If we look at what's been defined here, we have our required fields, name, servings, and ingredients. The additionalProperties: false rule prevents other fields from being added beyond those three fields, or fields that we explicitly state in our validation rule. We've allowed an _id field in our document which is important. If we did not specify this in the schema no document would be inserted as _id is autogenerated and no document can exist without in the database as it is our primary key.

The name field has been set to a required string valued field. The servings field is required and must be an integer or double. Next here is an optional cooking_method field. If it is included in the document, only values listed are acceptable.

The ingredients field has some additional complexity to the validation process. It has been defined as an array of items that each have a required quantity, measure, and ingredient. There is an optional format field as well to handle descriptions such as whole, diced, chopped, etc. The accepted data types for the various fields have been set for each ingredient during the schema validation process. Double or decimal for quantity, one of the predefined values for measure, and string values for ingredient and format.

With the validation rules in place, let's try to insert some sample documents into the collection and see what would happen:

Document 1

db.recipes.insertOne({
  name: "Chocolate Sponge Cake Filling",
  servings: 4,
  ingredients: [
    {
      quantity: 7,
      measure: "ounce",
      ingredient: "bittersweet chocolate",
      format: "chopped"
    },
    { quantity: 2, measure: "cup", ingredient: "heavy cream" }
  ]
});

This insert works as all of the required fields in the validation requirements are present and in the correct format.

Document 2

db.recipes.insertOne({
  name: "Chocolate Sponge Cake Filling",
  servings: 4,
  ingredients: [
    {
      quantity: 7,
      measure: "ounce",
      ingredient_name: "bittersweet chocolate",
      format: "chopped"
    },
    { quantity: 2, measure: "cup", ingredient: "heavy cream" }
  ],
  directions:
    "Boil cream and pour over chocolate. Stir until chocolate is melted."
});

This insert would fail with a WriteError: Document failed validation error due to the additional directions field in the document.
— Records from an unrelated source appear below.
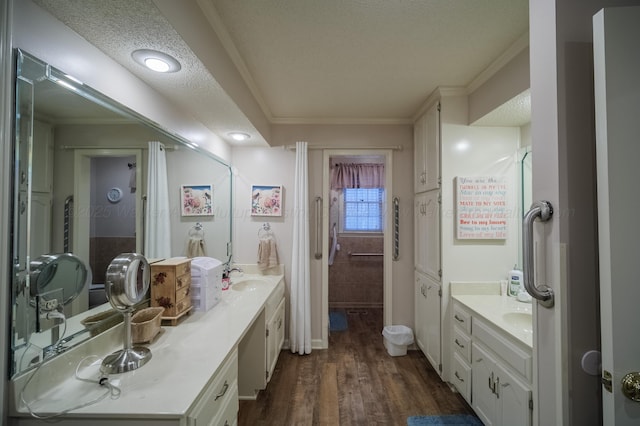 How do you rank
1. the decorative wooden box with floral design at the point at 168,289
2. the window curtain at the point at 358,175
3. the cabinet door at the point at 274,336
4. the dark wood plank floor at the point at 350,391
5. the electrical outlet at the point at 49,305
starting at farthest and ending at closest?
the window curtain at the point at 358,175, the cabinet door at the point at 274,336, the dark wood plank floor at the point at 350,391, the decorative wooden box with floral design at the point at 168,289, the electrical outlet at the point at 49,305

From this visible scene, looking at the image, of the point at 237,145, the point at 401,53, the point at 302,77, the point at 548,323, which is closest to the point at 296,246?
the point at 237,145

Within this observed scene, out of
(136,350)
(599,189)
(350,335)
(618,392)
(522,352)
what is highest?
(599,189)

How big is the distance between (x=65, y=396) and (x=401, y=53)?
7.44ft

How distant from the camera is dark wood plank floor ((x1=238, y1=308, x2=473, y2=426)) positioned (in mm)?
1768

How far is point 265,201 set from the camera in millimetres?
2709

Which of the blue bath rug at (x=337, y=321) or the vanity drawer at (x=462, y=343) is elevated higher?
the vanity drawer at (x=462, y=343)

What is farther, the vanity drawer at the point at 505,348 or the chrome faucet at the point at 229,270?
the chrome faucet at the point at 229,270

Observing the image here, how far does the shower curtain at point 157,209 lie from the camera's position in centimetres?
143

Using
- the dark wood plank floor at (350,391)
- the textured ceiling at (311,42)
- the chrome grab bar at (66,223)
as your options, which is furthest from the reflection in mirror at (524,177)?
the chrome grab bar at (66,223)

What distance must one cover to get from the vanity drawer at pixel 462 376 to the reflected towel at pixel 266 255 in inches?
69.4

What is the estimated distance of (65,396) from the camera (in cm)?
84

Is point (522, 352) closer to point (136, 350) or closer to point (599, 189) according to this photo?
point (599, 189)

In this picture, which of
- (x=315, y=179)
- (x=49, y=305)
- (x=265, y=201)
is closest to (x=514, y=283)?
(x=315, y=179)

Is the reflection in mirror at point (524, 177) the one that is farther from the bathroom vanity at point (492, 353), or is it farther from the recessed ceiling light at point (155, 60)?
the recessed ceiling light at point (155, 60) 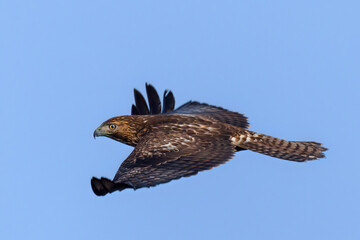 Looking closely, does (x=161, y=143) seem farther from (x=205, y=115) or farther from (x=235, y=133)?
(x=205, y=115)

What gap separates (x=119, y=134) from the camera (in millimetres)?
14766

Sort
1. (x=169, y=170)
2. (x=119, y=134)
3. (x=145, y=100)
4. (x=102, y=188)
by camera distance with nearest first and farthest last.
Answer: (x=102, y=188) → (x=169, y=170) → (x=119, y=134) → (x=145, y=100)

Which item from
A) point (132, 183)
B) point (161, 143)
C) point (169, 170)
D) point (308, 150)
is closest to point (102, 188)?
point (132, 183)

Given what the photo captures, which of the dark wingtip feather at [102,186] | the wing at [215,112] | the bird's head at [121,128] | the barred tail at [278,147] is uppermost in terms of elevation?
the wing at [215,112]

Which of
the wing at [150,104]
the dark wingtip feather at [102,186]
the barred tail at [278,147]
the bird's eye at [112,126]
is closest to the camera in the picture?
the dark wingtip feather at [102,186]

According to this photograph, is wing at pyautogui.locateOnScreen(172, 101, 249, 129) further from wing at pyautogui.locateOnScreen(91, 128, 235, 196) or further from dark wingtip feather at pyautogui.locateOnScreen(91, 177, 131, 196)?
dark wingtip feather at pyautogui.locateOnScreen(91, 177, 131, 196)

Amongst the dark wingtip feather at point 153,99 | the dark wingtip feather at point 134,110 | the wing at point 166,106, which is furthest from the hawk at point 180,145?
the dark wingtip feather at point 134,110

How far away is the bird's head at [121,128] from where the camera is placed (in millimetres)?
14641

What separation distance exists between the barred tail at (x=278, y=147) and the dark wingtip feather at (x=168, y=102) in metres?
3.24

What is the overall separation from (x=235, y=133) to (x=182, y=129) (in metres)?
1.13

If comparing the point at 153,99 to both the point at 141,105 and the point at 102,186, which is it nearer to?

There are other rules that can be applied to the document as well and schema validation can be carried out on sub-documents like we've seen with ingredients but also on arrays. Additionally, schema dependencies can be set to move application logic natively into the database. Validation strictness can also be set to allow for outright rejection of the document write operation or just a warning.

Conclusion

JSON schema validation can be a powerful tool to maintain your data structure. This provides even greater power with the document model in MongoDB. We have the ability to rapidly try out different schema designs in an application and then, once the model has been solidified, enforce some standards. We get to take advantage of both the flexibility of the document model along with data validation.